Instructions to follow: With the pictures left out, write out exactly the lines of the listing below that run from the line with "Olivia Garden Heat Pro Thermal Styler 7 Rows" through the line with "Brafab Haru stol Pearl White".

Exercise data:
--- START ---

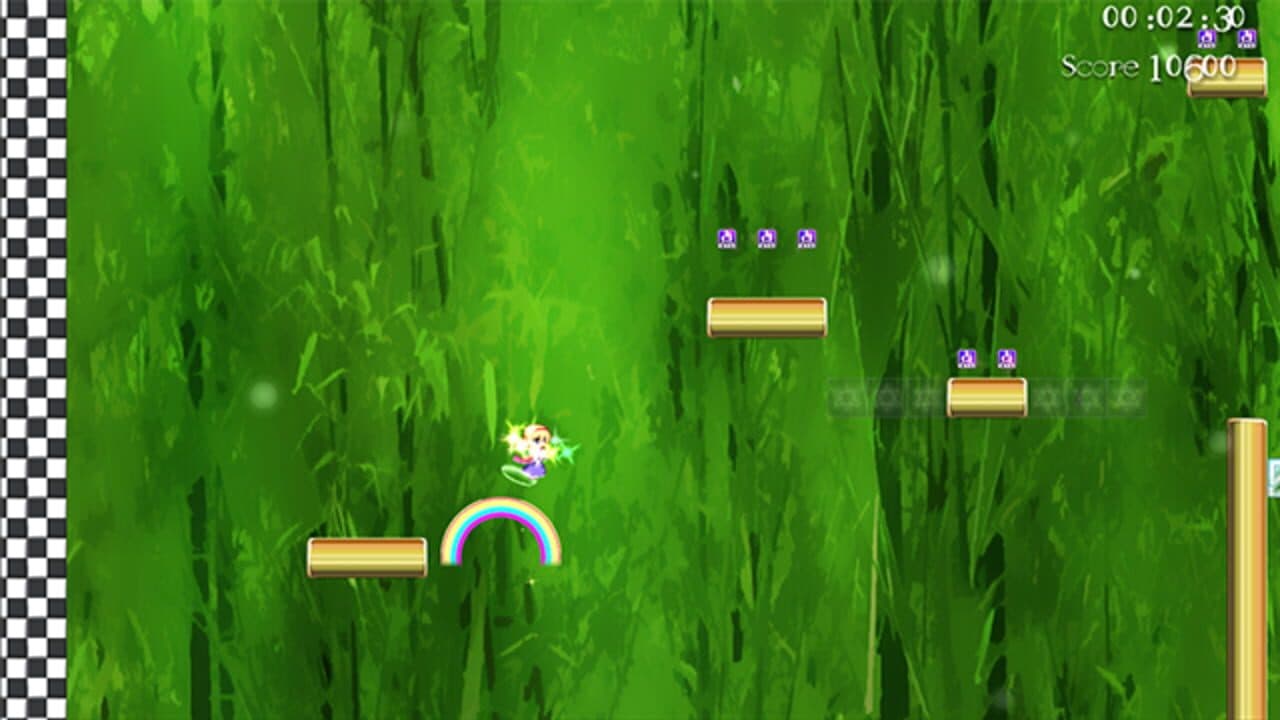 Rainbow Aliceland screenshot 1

--- END ---
--- START ---

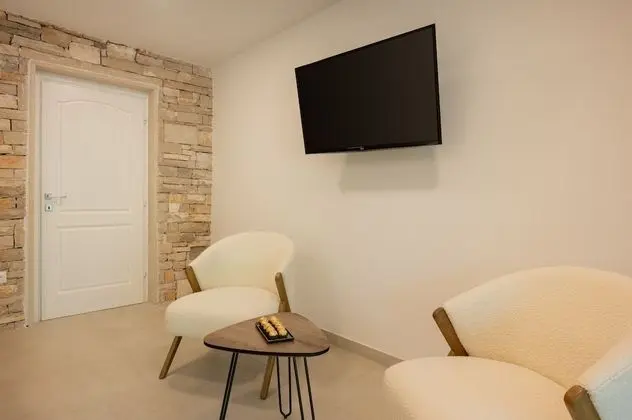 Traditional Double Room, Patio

--- END ---
--- START ---

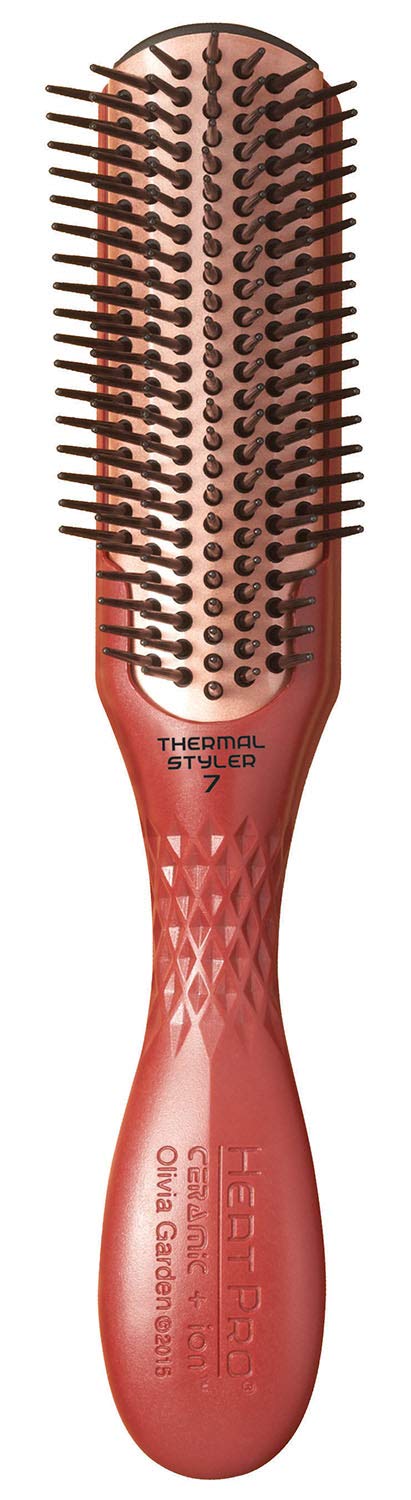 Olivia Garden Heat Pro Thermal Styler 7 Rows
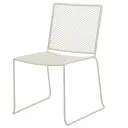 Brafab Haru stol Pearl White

--- END ---

Solved problem:
 Olivia Garden Heat Pro Thermal Styler 7 Rows
 Brafab Haru stol Pearl White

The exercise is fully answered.